Uncategorized

Budget meeting gets hot over sheriff budget

This story originally ran in the May 29 edition but the jump was not placed.
Its now ran in its entirety

Budget season means service cuts and tough calls in Josephine County, and Fiscal Year 2024-25 looks to be no different.
At the first meeting of the Josephine County Budget Committee Wednesday, May 15, JoCo Finance Director Sandy Novak stressed how difficult it was to put together a proposed budget with costs rising and revenues shrinking.
“The total budget is $178,292,200 with $147,640,100 spending appropriation and 455.43 full-time equivalent staffing levels,” said Novak. “The total budget adjusted for unappropriated is 7% less than last year with a reduction of 24.6 FTE, almost exclusively through attrition. There will be three layoffs. Six percent of the decline is from capital grants, mainly ARPA, but it also includes the transit hub which was grant-funded. One percent of the budget decline is programmatic.”
Novak asserted, “This budget, with a 7% decline, represents many hard decisions in forward-looking thinking. The goal outlined by the Board of County Commissioners was to be sustainable and agile in uncertain times.”
Giving insight into the process of budgeting during uncertain economic times, the finance director explained, “It’s our express goal to ensure that policies and approaches encourage conservative spending, discourage use it or lose it spending, and provide for allocations of limited resources within the strategic plan.

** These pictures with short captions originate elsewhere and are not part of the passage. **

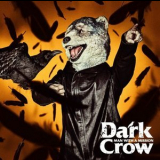 MAN WITH A MISSION - Dark Crow '2019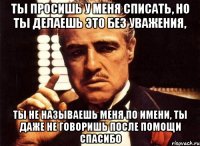 ты просишь у меня списать, но ты делаешь это без уважения, ты не называешь меня по имени, ты даже не говоришь после помощи спасибо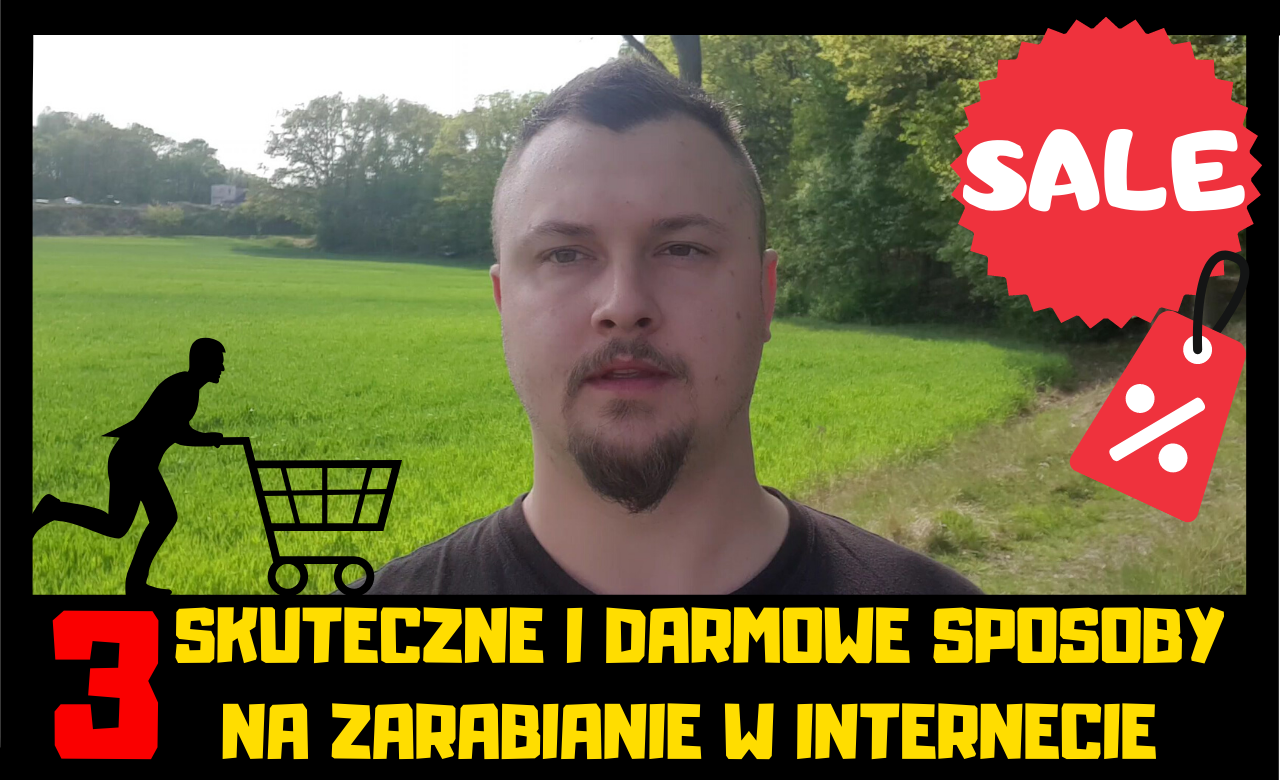 Zarabianie w internecie dla początkujących – 3 DARMOWE SPOSOBY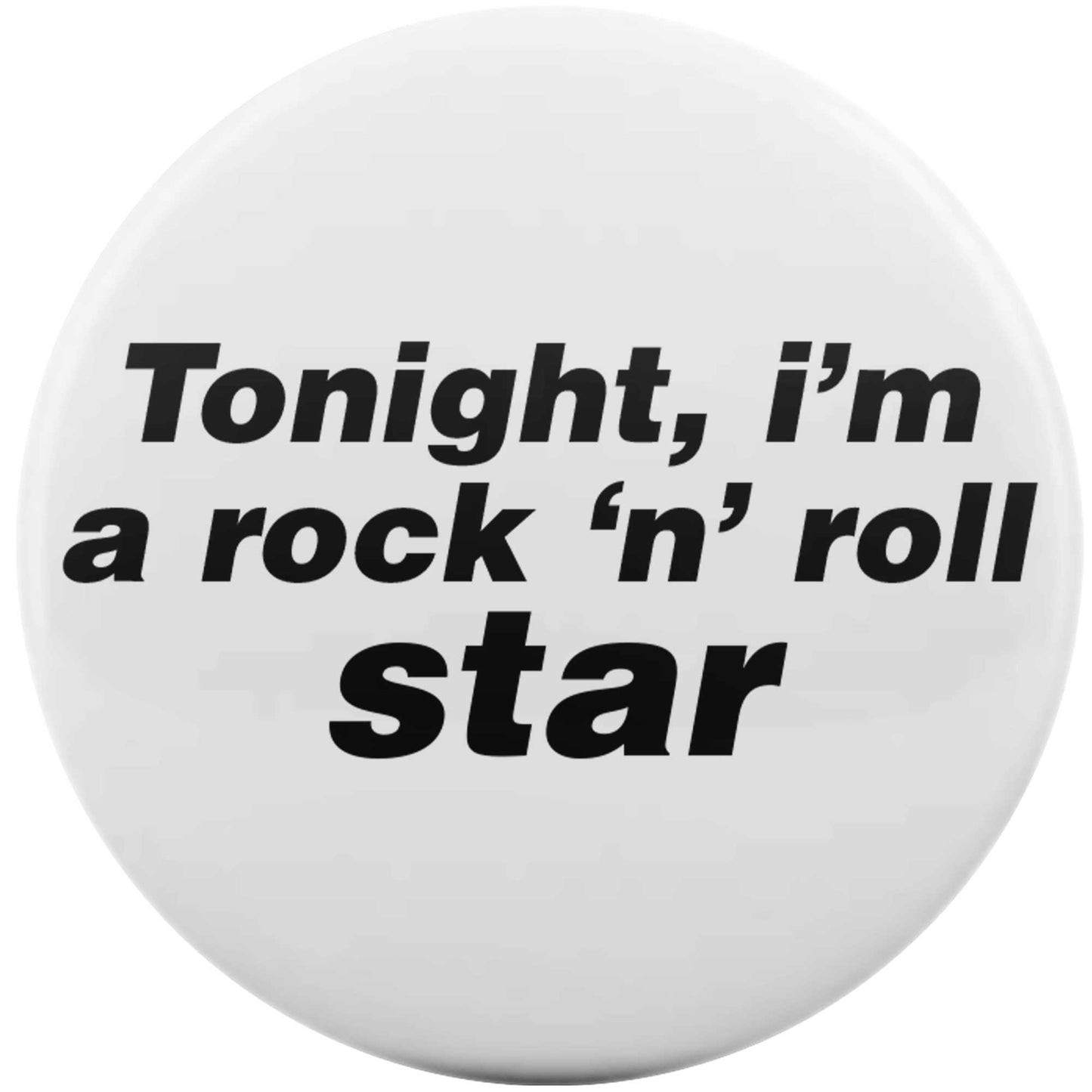 Tonight I'm A Rock 'N' Roll Star
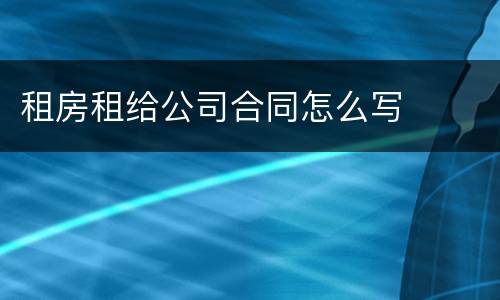 租房租给公司合同怎么写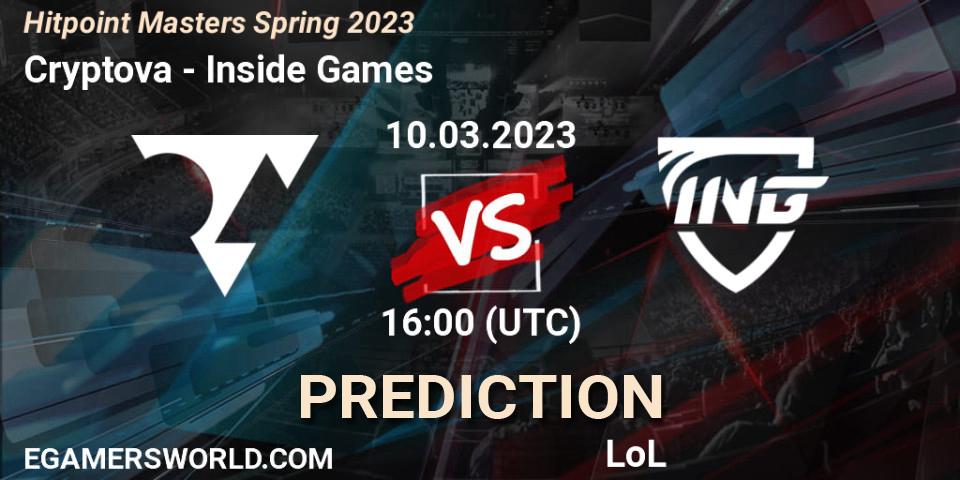 Pronósticos Cryptova - Inside Games. 14.02.2023 at 16:00. Hitpoint Masters Spring 2023 - LoL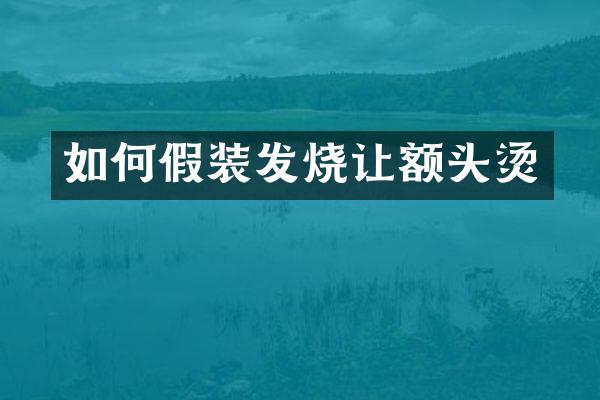 如何假装发烧让额头烫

We obtain this goal by using a targeted approach to reductions, not across the board cuts. We do that by considering trends and costs of providing services, considering historic staffing levels, trends and dedicated funding and budget versus actual expenditures.”
She added, “These current revenue restrictions need to be maintained in a strategic manner, especially in a period where expenses are increasing 4 – 10%.”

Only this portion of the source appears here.